Nama may move the administration of the €527 million development loans and an additional €100 million in associated borrowings secured on collateralised assets at EBS into the SPV of either Bank of Ireland or AIB, given that the building society has a considerably smaller development loan book.

The loan books of Irish Nationwide Building Society and Irish Life Permanent will be assessed at a later date, while the Government has yet to decide whether the loans at nationalised Anglo Irish Bank will be acquired by Nama.

The banks are expected to be able to charge Nama an administration fee for tending to the loans.

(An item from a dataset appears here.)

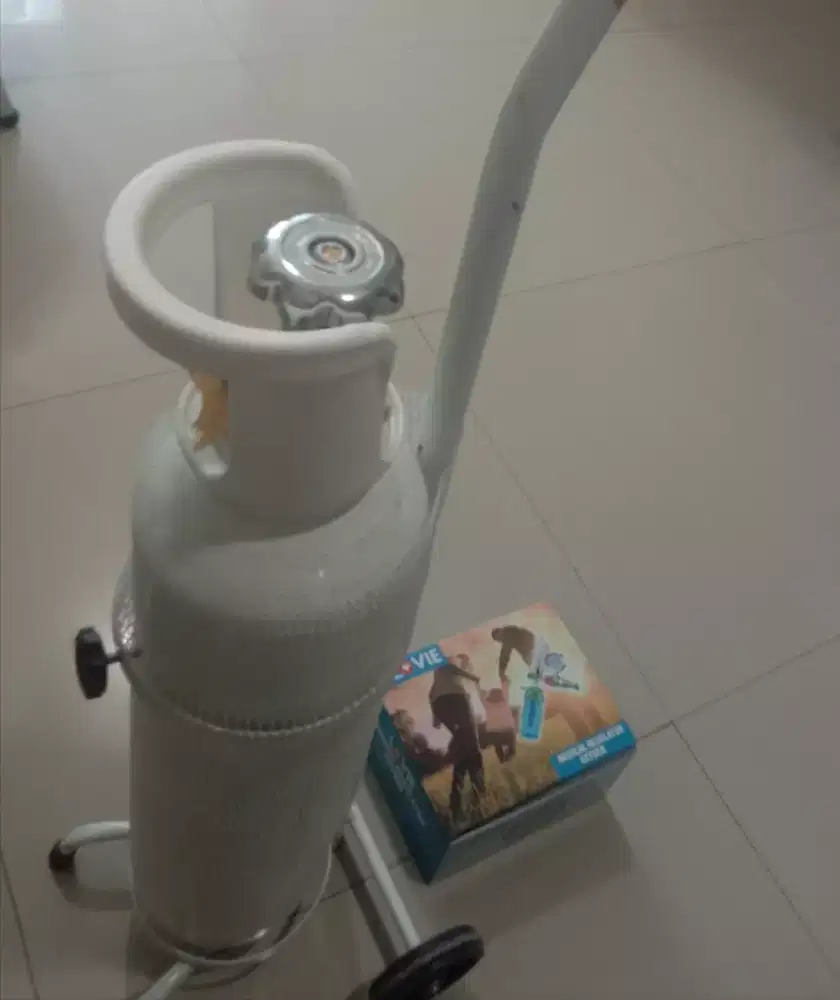 Tabung oksigen + regulator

Under the Nama plan, financial institutions may be offered up to 10 per cent of the value of the recovered loans as an incentive to encourage the lenders to recoup as much money from developers as possible on behalf of the State.

The Indonesian government used a similar incentive in the state bad bank, Danaharta.

The Government is expected to value the toxic loans by applying a range of discounts according to the European Commission’s guidelines on impaired assets.

This allows the Government to set an “economic” or “through the cycle” value on the loans so the State can set average long-term value on properties over the 10-15-year lifespan of the new State agency.

This enables Nama to avoid setting a distressed value on the assets at the current time when there is no market to value them.